EXERCISE INSTRUCTIONS
Would you output the lines from the one containing "Los niños disfrutan" through the final line of the entries, exactly and with pictures omitted?

* * * * * * * * *

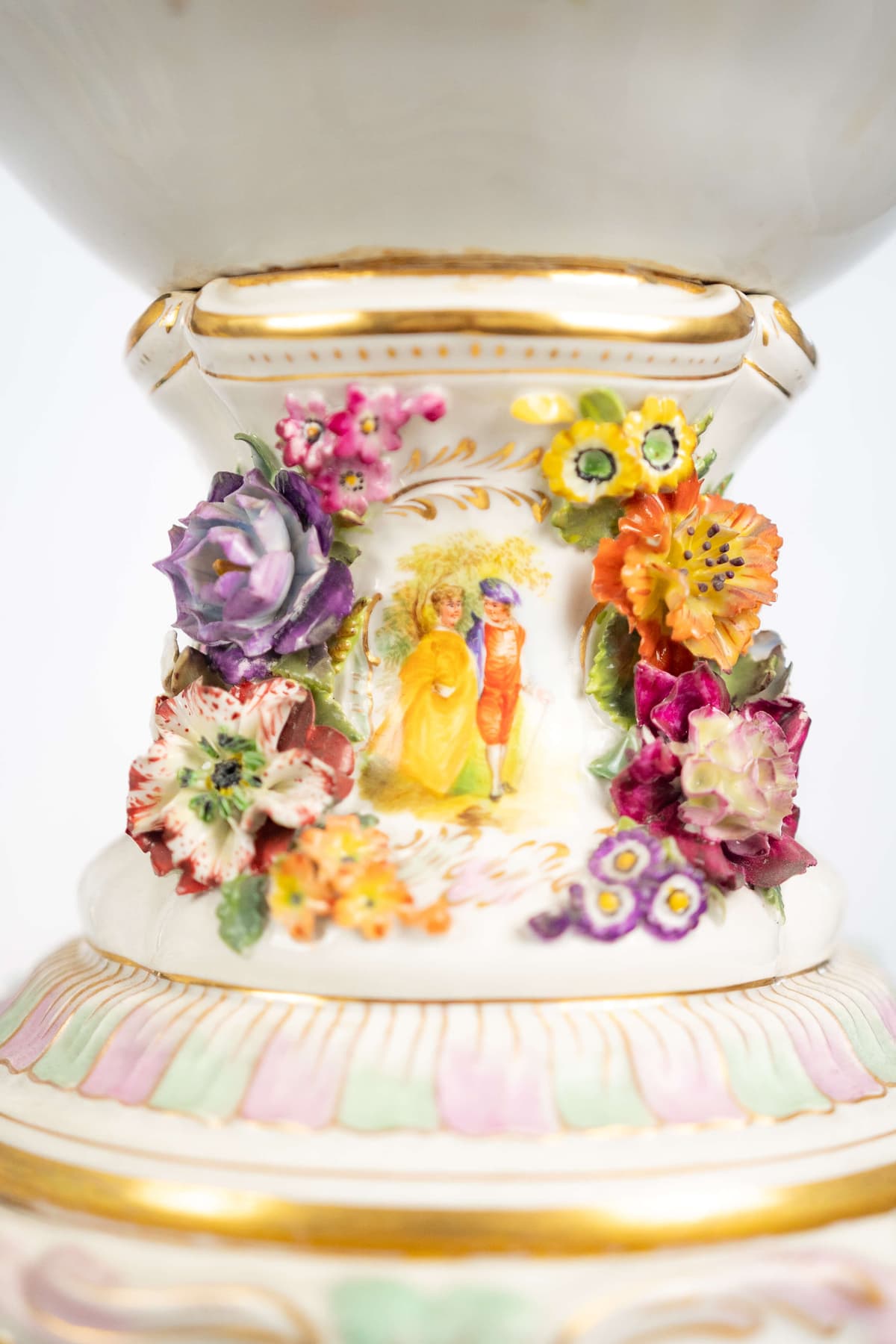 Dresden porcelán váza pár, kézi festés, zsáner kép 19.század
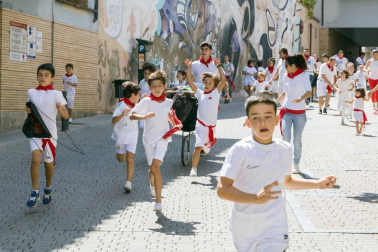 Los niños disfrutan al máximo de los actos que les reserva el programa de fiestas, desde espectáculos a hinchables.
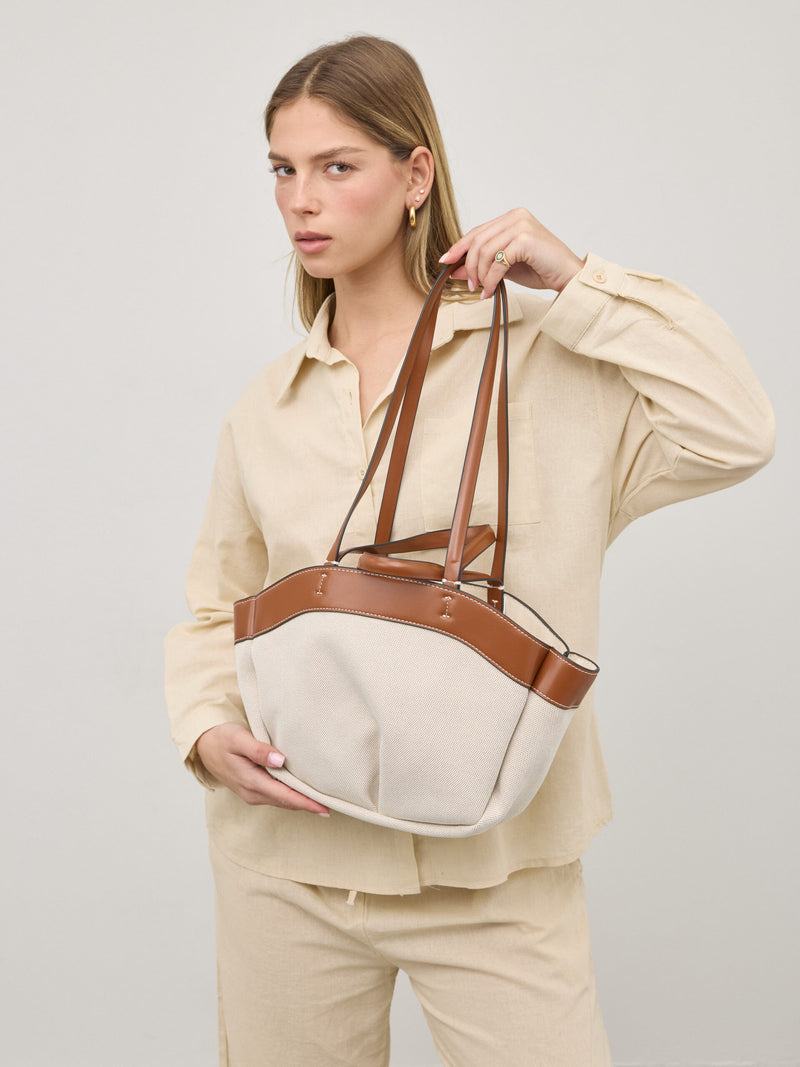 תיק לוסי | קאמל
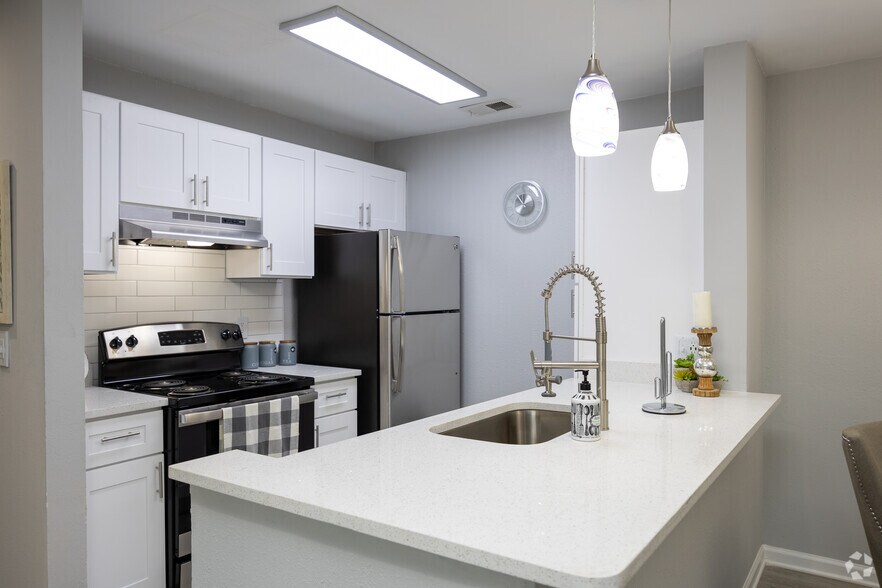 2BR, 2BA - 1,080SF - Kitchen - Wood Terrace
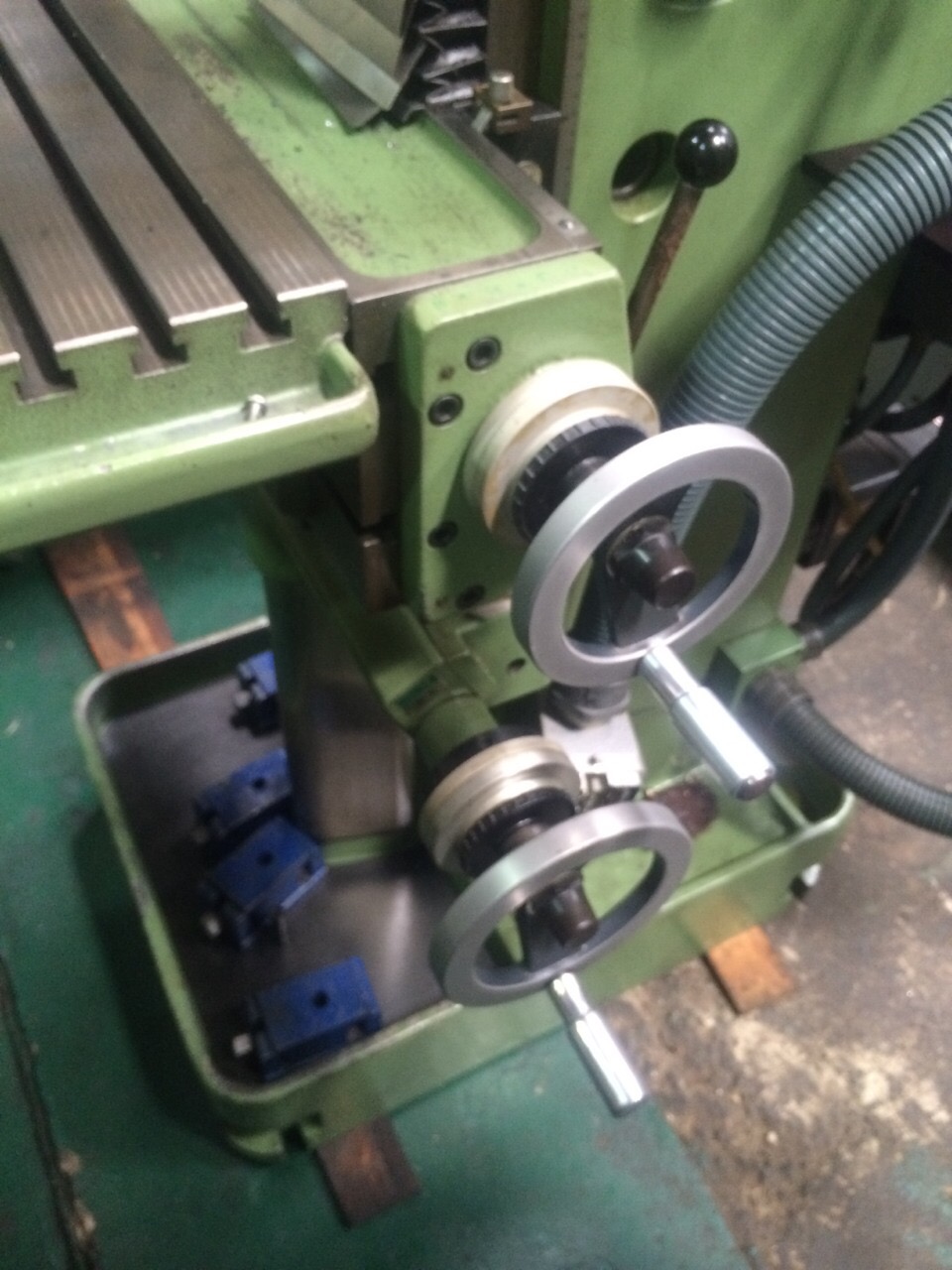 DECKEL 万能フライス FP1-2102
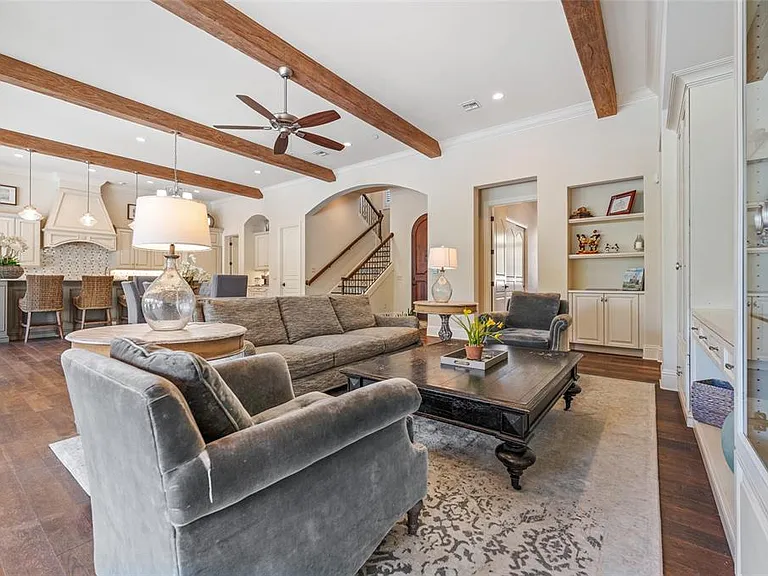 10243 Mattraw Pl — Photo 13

* * * * * * * * *

RESPONSE TO THIS TASK
 Los niños disfrutan al máximo de los actos que les reserva el programa de fiestas, desde espectáculos a hinchables.
 תיק לוסי | קאמל
 2BR, 2BA - 1,080SF - Kitchen - Wood Terrace
 DECKEL 万能フライス FP1-2102
 10243 Mattraw Pl — Photo 13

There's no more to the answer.